The Get this Girl Some New Shoes Cos She’s Done So Much Walking Award for Busiest Models: Adut Akech
From covering the Spring issue of i-D to walking just about every single show this season, Adut has been busier than a one-armed trombone player. She is having a proper fashion moment. It is deserved. She is major. Honourable shout out to i-D’s Frankie Dunn at Marques’Almeida.

The David Beckham Award for Services to Fashion and Sport: Prada
For making all our dreams come true and bringing back the red tag Prada Sport iconography, and adding a healthy dose of nostalgic nylon. Take. My. Money.

The Joey Wears All of Chandler's Clothes Award: Balenciaga
I texted a meme of Joey Wearing All of Chandler’s Clothes to i-D Fashion Editor Max Clark during the menswear season after the Vetements show. He said it was the best show he’d ever seen so whatever. Feel like we’re gonna recycle that convo now.

The Bob Geldof Award for Feeding the World: Demna at Balenciaga
So good Demna gets two awards! He’s donating money to feed the world and creating incredible fashion propositions. What a dreamboat.

Most Brutal Review of the Year Award: Cathy H on Lanvin
“The Lanvin show was abysmal. Almost nothing in Olivier Lapidus’s second collection for the brand resembled its legacy or its modern style of the past decade or so. That is, unless you consider tight orange leather stirrup pants and satin gowns with wrestling boots a Lanvin must. The company was recently sold to Fosun International, a Shanghai-based group that also owns the Caruso menswear label. It should consider finding new talent." via The Cut.

Giorgio Armani Award for Least Coded Statement: Giorgio Armani
"My fashion is not that of a theatre which lasts as long as a catwalk show, which serves only to create chatter and would be disconnected from what the client finds in my boutiques. I won't talk about severed heads, I have never played that game. We have to move and excite but without going overboard -- it’s too easy."

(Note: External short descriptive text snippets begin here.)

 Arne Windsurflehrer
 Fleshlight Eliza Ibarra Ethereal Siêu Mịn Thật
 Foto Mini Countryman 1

The Barbara Windsor Award for Carrying on Camping: Comme des Garçons
Backstage after her Comme des Garçons show this season, Rei Kawakubo explained in painstaking detail that her collection was inspired by the kind of frilly knickers you’d see in a Carry On film. It turns out the Japanese fashion auteur had, all along, been deeply inspired by the work of Kenneth Williams, Barbara Windsor, Hattie Jaques, seeing it as a kind of English folk art.

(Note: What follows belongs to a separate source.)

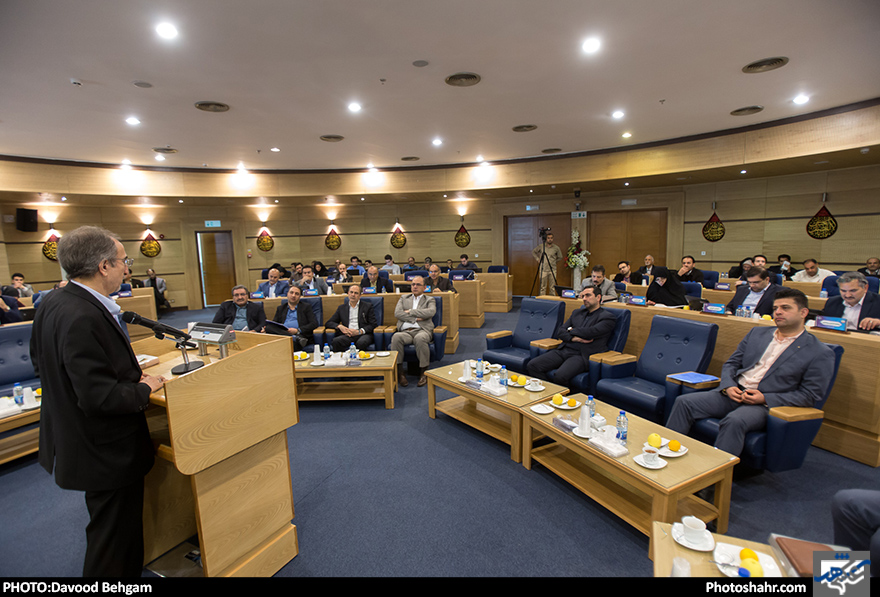 هفتمین جلسه علنی پنجمین دوره شورای اسلامی شهر مشهد مقدس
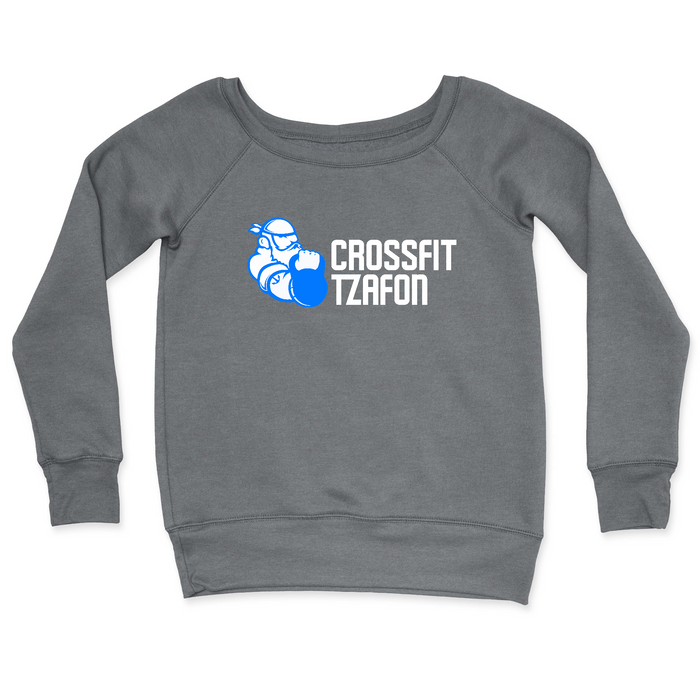 CrossFit Tzafon Standard Womens - CrewNeck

The Feeling Horny Award: Rick Owens
Rick Owens this season was all about seduction. The models had horns. Feeling horny, eh. Jesus Christ I’m running out of ideas.

Chanel Grew an Actual Forest in the Grand Palais
Fashion Week has been going for 56 days. We’ve run out of jokes. We’ve run out energy. I can’t look at another bias-cut chiffon cocktail dress with three sleeves made out of pairs of mittens. We’re losing hope that we’ll make it out of Paris alive. Just endlessly stringing verbs, adjectives, nouns and fabrics together. Can’t see the wood for the trees.

i-D Fashion Features Editor Steve Salter Gets an Award for Service to Fashion Features
He’s travelled across four continents, seven seas, over mountains and rivers and through valleys. He’s seen things you’d wouldn’t believe, kissed the cheeks of faceless fashion gatekeepers, and crushed enemies, just to bring you (you!) reports of what’s been going on at Fashion Week. And for that, we salute him.